An industrial-type desk was empty. Cable and cords trailed along the floor under it, as if someone had taken a desktop computer. Sharp checked the master bedroom a second time. A thirty-something-inch flat-screen TV hung on the wall, undisturbed. Another larger TV hung on the wall in the living room. An iPad sat on the desk.
A robber would not have taken a desktop computer and left flat-screen TVs and an iPad behind. Had Brian removed his own desktop computer? Why? Maybe it needed repairs.
Or maybe Brian had destroyed it. Physical destruction of the hard drive was the best way to ensure no one could recover any data.
Sharp took one more walk through the house, snapping pics with his camera phone. He didn’t see anything that gave him a clue as to where Brian had gone.
Sharp left the house and returned to his Prius. He wrote down all the information he had on Brian Springer. Sharp was stopping at Jenny Kruger’s house in the morning. Maybe she could find Brian’s mysterious vacation cabin on a lake.
Brian’s house had given Sharp more questions than answers. Why was the back door unlocked? If Brian had gone on vacation, he would have had the neighbor feed the cat and pick up the mail. He hadn’t done either. And why was his computer missing?
No, it didn’t look like Brian had gone on vacation, but he’d gone somewhere, presumably with someone else, since his vehicle was still out front. And he’d been in a hurry when he’d left.
Chapter Nine
Grief gathered in Lance’s chest as Tina’s voice faded into quiet crying.
He heard a rustling sound over the connection.
“Sheriff Colgate here.” He must have picked up Tina’s phone. “I’m taking Mrs. Knox down to the medical examiner’s office.”
“Is it Evan?” The words grated in Lance’s throat. Morgan reached over from the passenger seat and gave his arm a supportive squeeze.
“The body was pulled out of the Deer River.” The sheriff’s voice was scratchy and sounded weary. “It meets his rough description, but the ME has not yet officially IDed him. Evan’s fingerprints should be on file in AFIS, but they are not. It seems the original ten-print card was rejected by the Division of Criminal Justice Services, with a reprinting request.”
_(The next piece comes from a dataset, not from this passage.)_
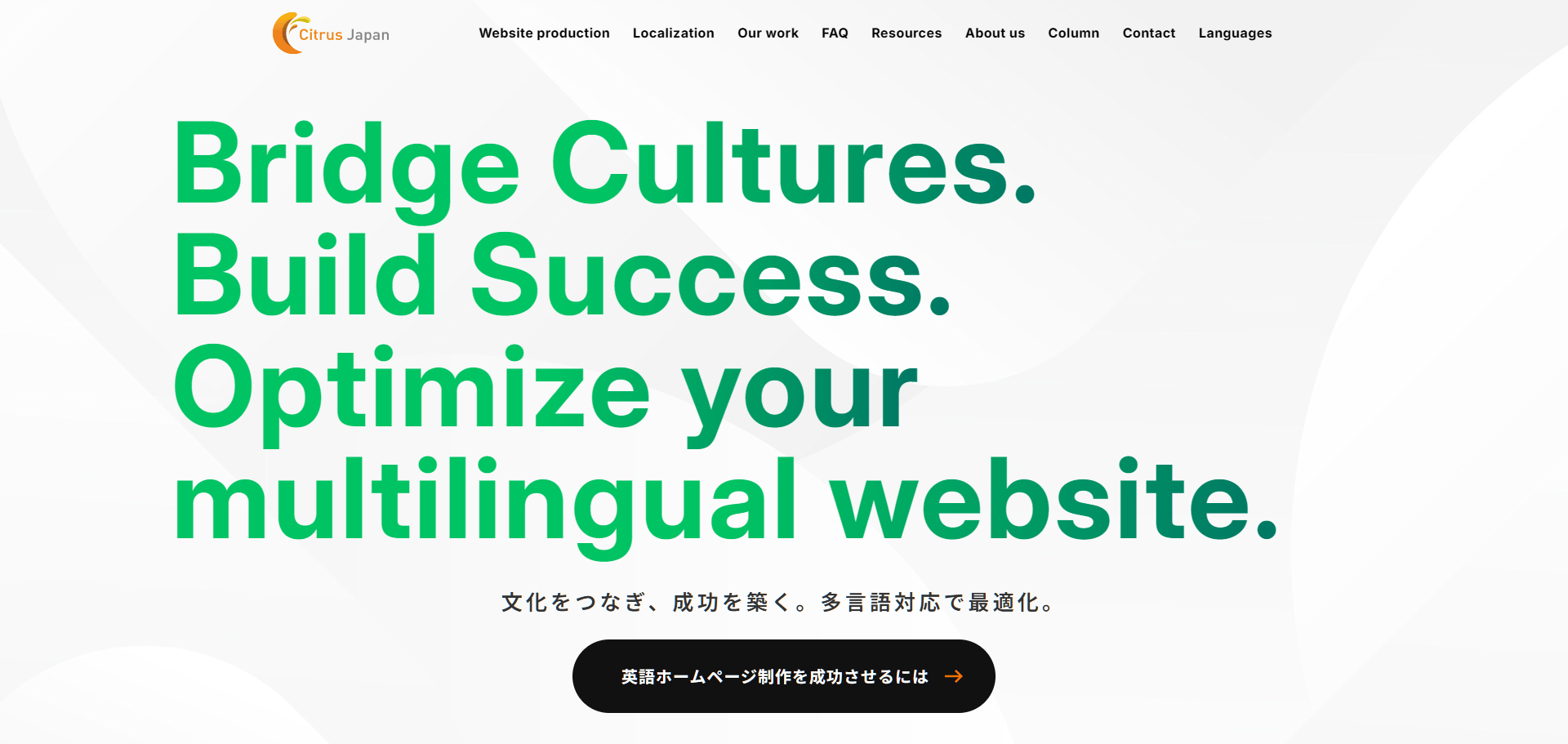 特定業界・分野に特化したWeb制作会社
The automated fingerprint identification system worked well, but it wasn’t perfect. The system depended on good-quality original prints. The sheriff’s department had recently switched to using electronic live scan devices to record fingerprints. Until then, the sheriff’s department had been using traditional ink and physical cards. Evan’s prints had likely been kicked back by the DCJS because one or more of the prints had been smeared. Lance assumed no one ever followed up on the reprint request.
The sheriff continued. “There were several reporters at the body recovery scene. I didn’t want Mrs. Knox to hear about it on the news, so I came right over here. I explained that the medical examiner would notify her as soon as he identified the remains. But she insists on going to the morgue immediately.”
“I can’t blame her,” Lance said. “I wouldn’t want to wait either.” But part of him also didn’t want to confirm that Evan was dead.
“I know,” the sheriff agreed in a quiet voice.
Lance wouldn’t let Tina face the possibility alone. “We’ll meet you at the morgue.”
The Randolph County Medical Examiner’s Office sat in the middle of the county municipal complex. Twenty minutes later, Lance paced the commercial gray carpet in the waiting area. The smell of burned coffee soured his stomach. Morgan leaned on the reception counter, trying to get information from someone on the ME’s staff.